Playing golf at Caldy Golf Club you’re reminded why you love the game. This is a course that refreshes your enthusiasm for the game by reminding you that golf should be a joy, a pastime played for fun with a smile on your face.  The mark of a good course doesn’t always have to be the regularity with which you find yourself waist high in gorse on the wrong side of the most ferocious examination of your game. That’s not to say the course is easy, indeed the stiff breeze that no doubt accompanies the majority of rounds here provides ample defence and a limitless variety of playing conditions.

The southernmost course on England’s Golf Coast, Caldy Golf Club is located upon the cliff tops and farmland that overlooks the River Dee and across to the northern coast of Wales.

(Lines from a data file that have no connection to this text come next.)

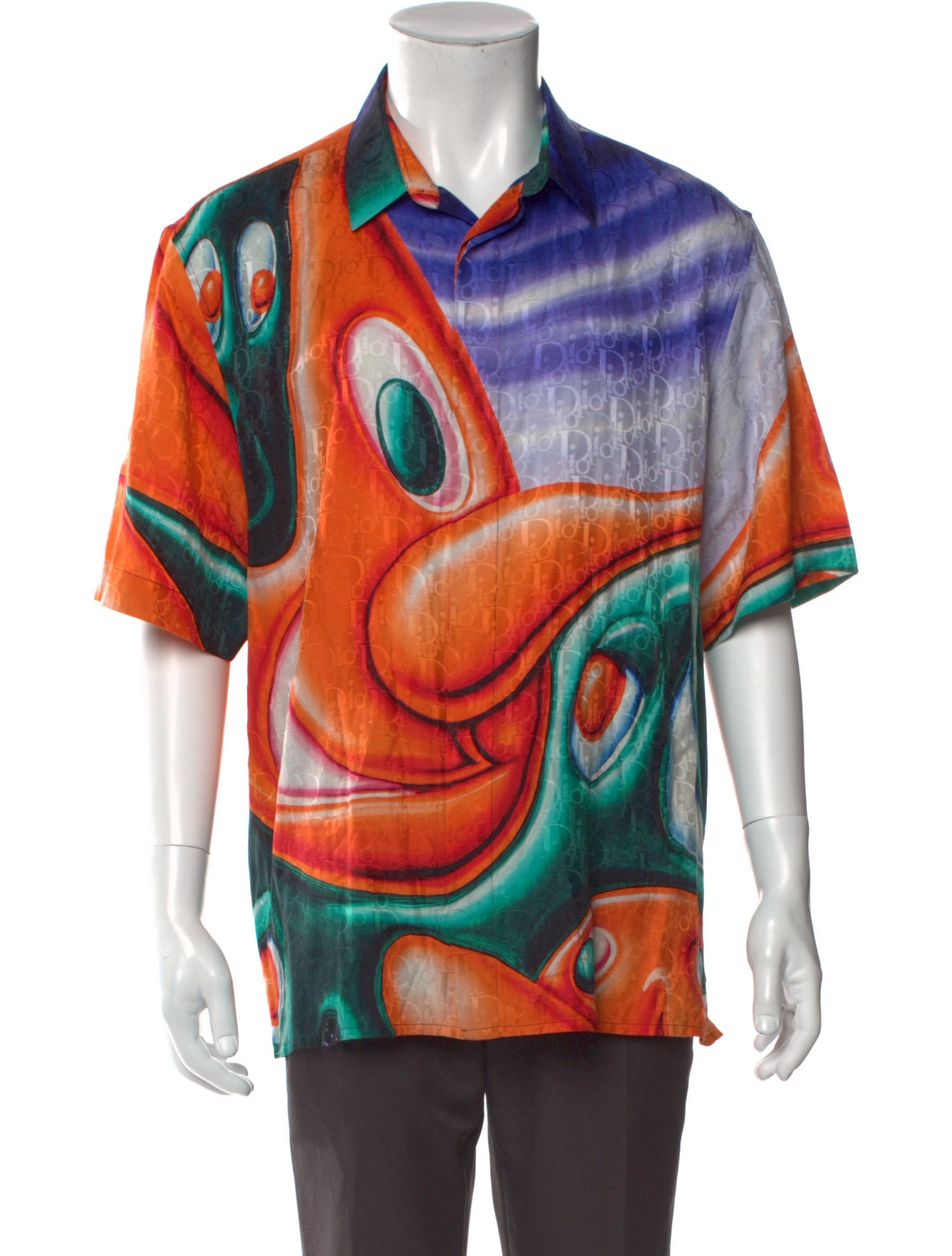 DIOR x Kenny Scharf Graphic Print Short Sleeve Shirt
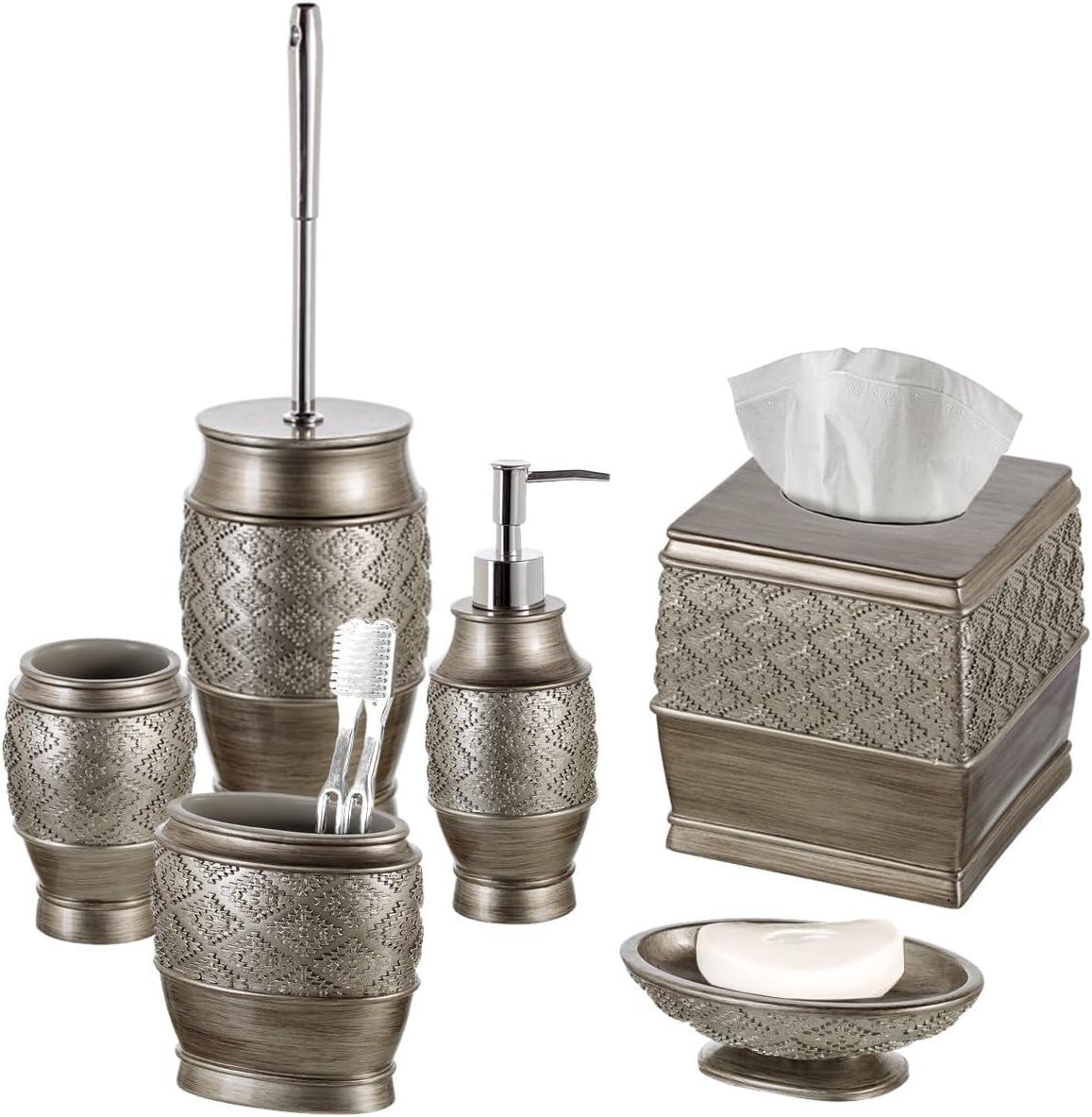 Creative Scents Dublin Silver Bathroom Accessory Set - 6 Piece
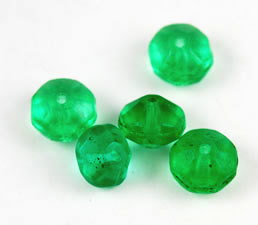 Vintage green vaseline Czech glass beads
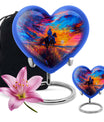 Cowboy Theme Large Urn With 1 Keepsake Urn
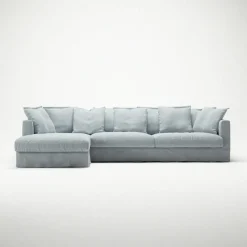 Decotique Hörnsoffor & Divansoffor-Le Grand Air 3-Sitssoffa Linne Divan Vänster, Nordic Sky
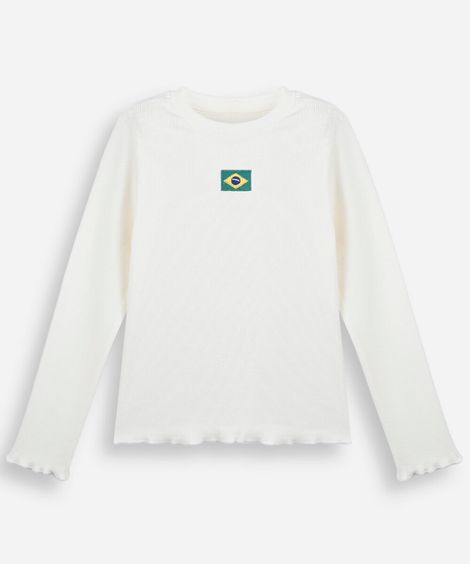 blusa infantil de algodão manga longa brasil off white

Originally opened in 1907, the course comprised just nine holes and it wasn’t until that golfing luminary, James Braid, reworked it in 1931 that the course we knew today came into being. Today, the club still looks to uphold the ethos behind the James Braid design while protecting the course from erosion.

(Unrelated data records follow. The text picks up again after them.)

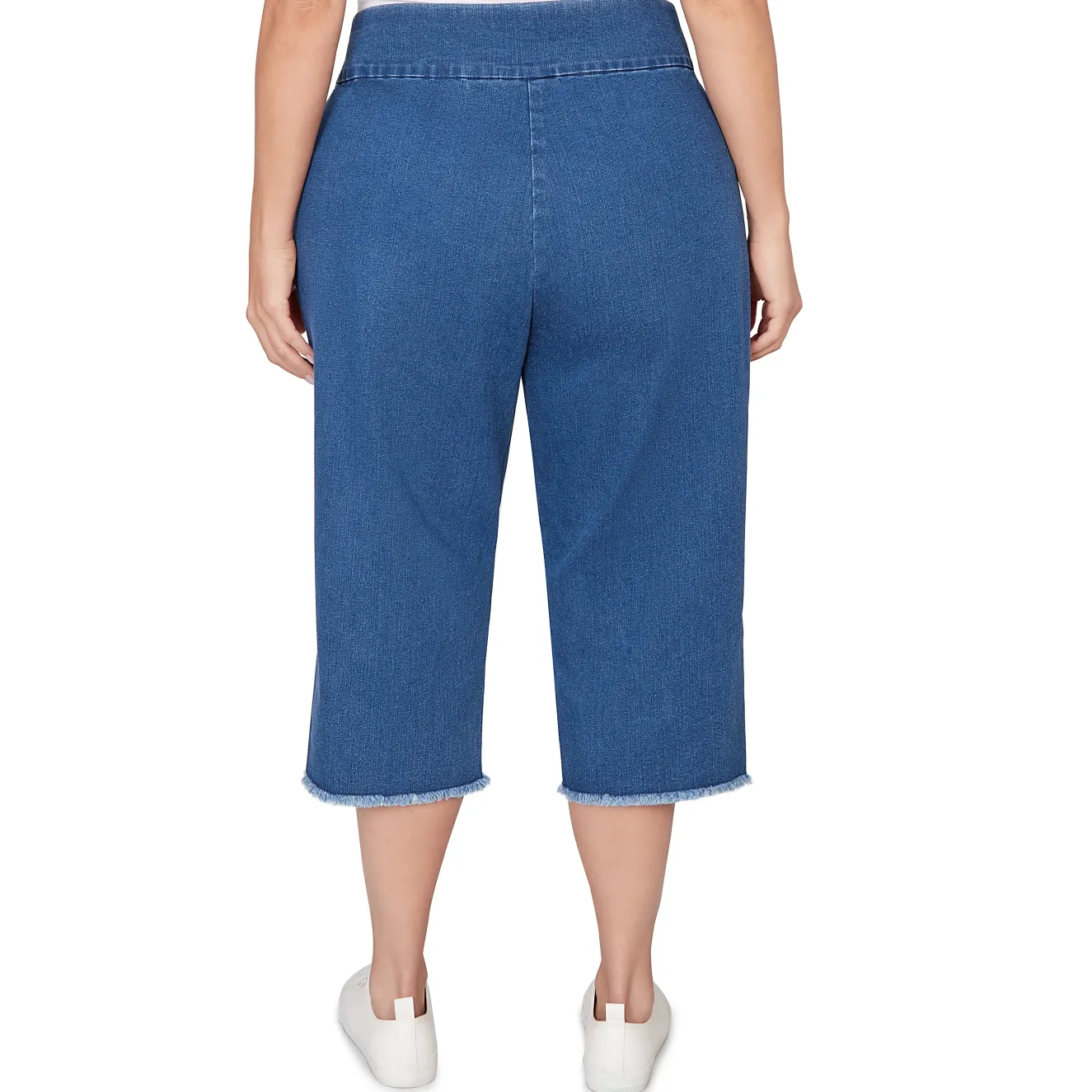 Alfred Dunner Super Stretch Denim Fringe Capri Pant - Plus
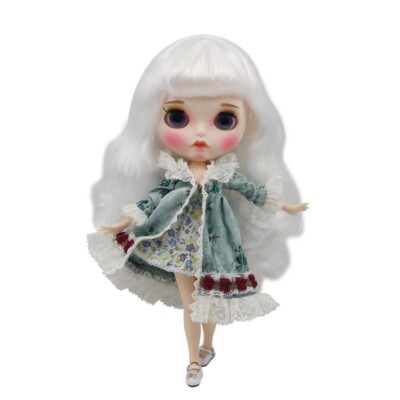 12'' Blythe doll Nude long white hair makeup matte face Carved lips Joint body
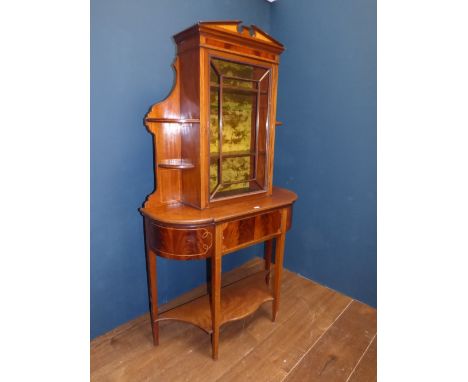 Sheraton revival mahogany and satinwood inlaid standing cabinet with broken arch pediment, over a single astragal glazed door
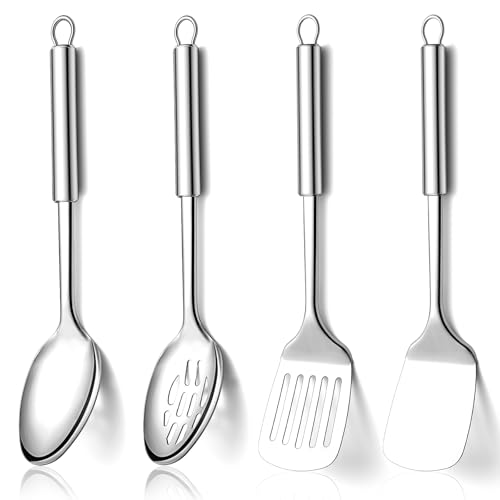 Homquen 4-teiliges Küchenutensilien-Set aus Edelstahl – Pfannenwender, Kochlöffel und mehr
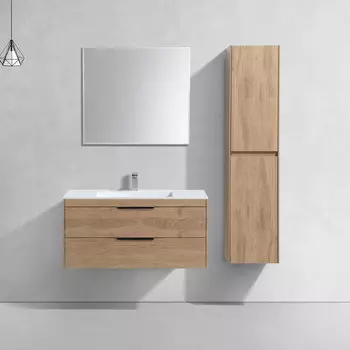 Мебель для ванной комнаты Vincea Chiara 2D 100 см, подвесная, с 2-мя выкатными ящиками, натуральный дуб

At the highest point of the property, the modern glass fronted clubhouse offers views to distant mountains and across neighbouring farmland. The course has a championship heritage, too, playing understudy to Royal Liverpool for the European Open and Senior Open Championships of 1981. More recently, Caldy hosted Final Qualifying for the Ricoh Women’s British Open in 2012.

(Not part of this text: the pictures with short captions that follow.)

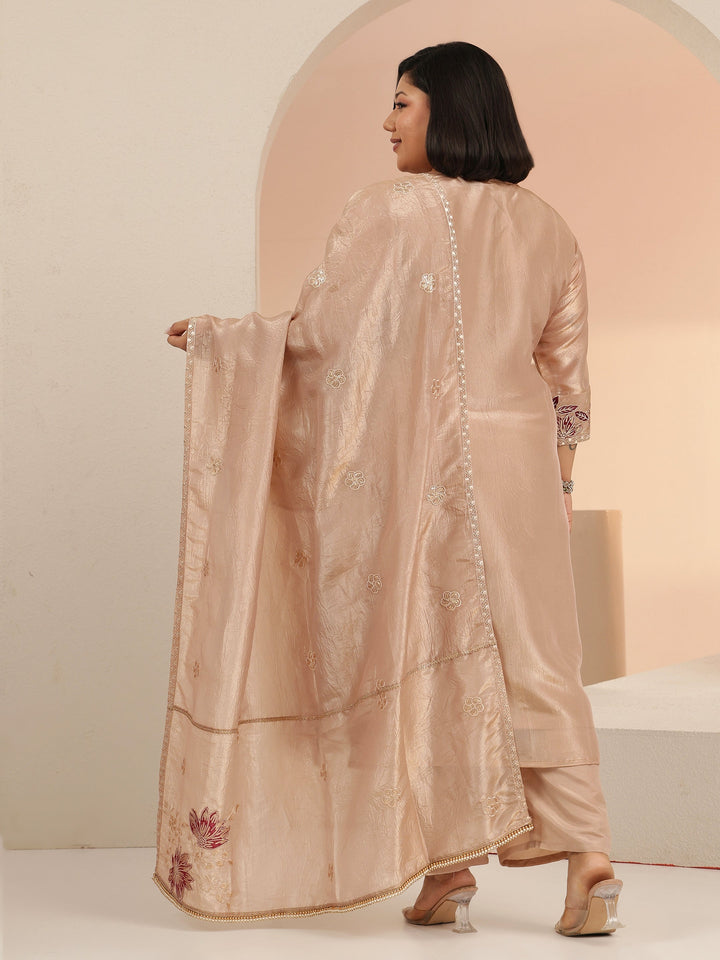 Plus Size Beige Embroidered Organza Straight Suit Set With Dupatta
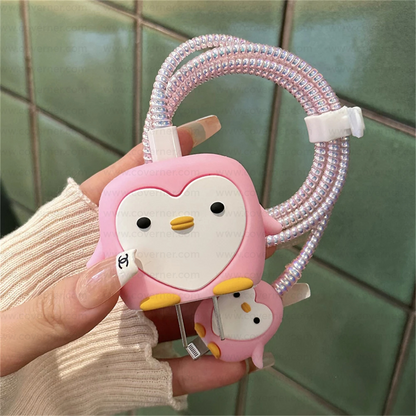 Iphone Charger Case Cover - Penguin - 4 Piece Set (With Wire Protector)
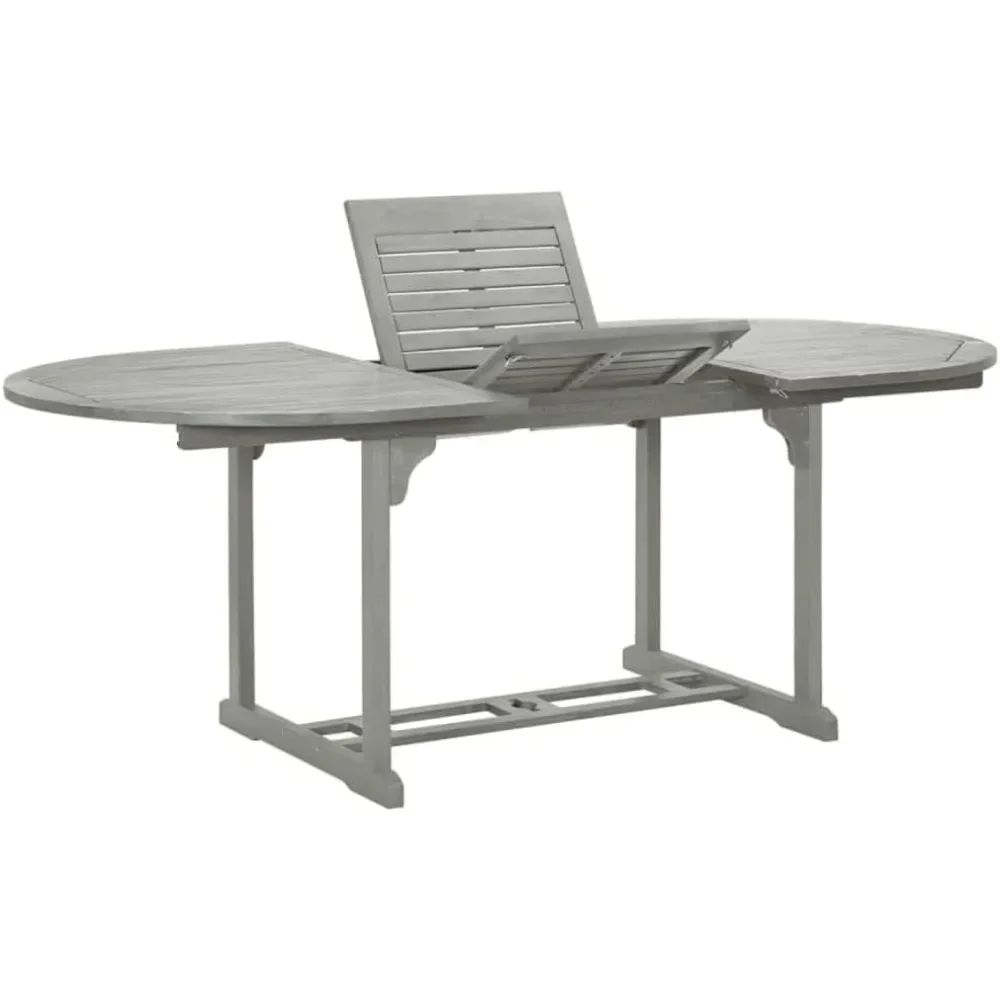 

Patio Table Gray 78.7" X 39.4" X 29.5" Solid Acacia Wood,Luxury Acacia Wood Dining Table Extendable for Garden, Patio or Terrace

But you sense that the ‘bridesmaid’ role sits very comfortably at Caldy. Some golf clubs prefer to cater first and foremost to their members and visitors of the mortal kind, and there is plenty to suggest that Caldy achieve this in spades. This is a proper member’s club with a suitably playable course divided by a former railway line into two very distinct sections. The fairways are wide enough to be forgiving and rough isn’t so penal as to leave you searching despairingly in undergrowth on every other hole. But don’t be mistaken, there are enough humps, hollows, and elevation changes to toughen the course up.

Course Highlights

Holes 4 – 6

Unsurprisingly, the outstanding stretch of holes run parallel to the cliff top bordering the River Dee. Subtle furrows in the fairways resemble corrugated rooftops as you play with the sea flanking your left hand side. The sixth hole, stroke index one, is perhaps the best hole on the course. Playing perilously close to the edge of the crag, the approach to this par four is guarded by a gully in front of a deceptively sloping green. The old clubhouse was located at the back of this green, so one assumes it was a particularly fine finishing hole in days gone by.  It’s a fabulous hole demanding accuracy and precision with your club selection.

Holes 15 – 18

Back amongst the more typical parkland character, the final few holes at Caldy provide wonderful variety to close out the round. The fifteenth is a short hole that plays as a sharp right-hand dog-leg with multiple bunkers awaiting errant tee shots. The sixteenth is a long straight par four with a backdrop of distant farmland, and is followed by a striking downhill par three over water that serves as the penultimate challenge. The final push is a twisting, undulating par five that demands your attention off the tee before rising up towards the clubhouse. Four hugely enjoyable holes that leave you lamenting the fact that your round has come to an end.

Verdict

The course at Caldy Golf Club feels very much like two separate courses melded into one. In the vicinity of the clubhouse, the opening pair of holes and majority of the back nine rolls through the parkland scenery, presenting a very pleasant and enjoyable challenge. Across the old railway line, however, and the cliff top boasts a sequence of holes that deliver lasting memories, with their marked variety and glorious views from this corner of the Wirral peninsula. And with its modern, comfortable clubhouse, you really have all you need for an excellent day out.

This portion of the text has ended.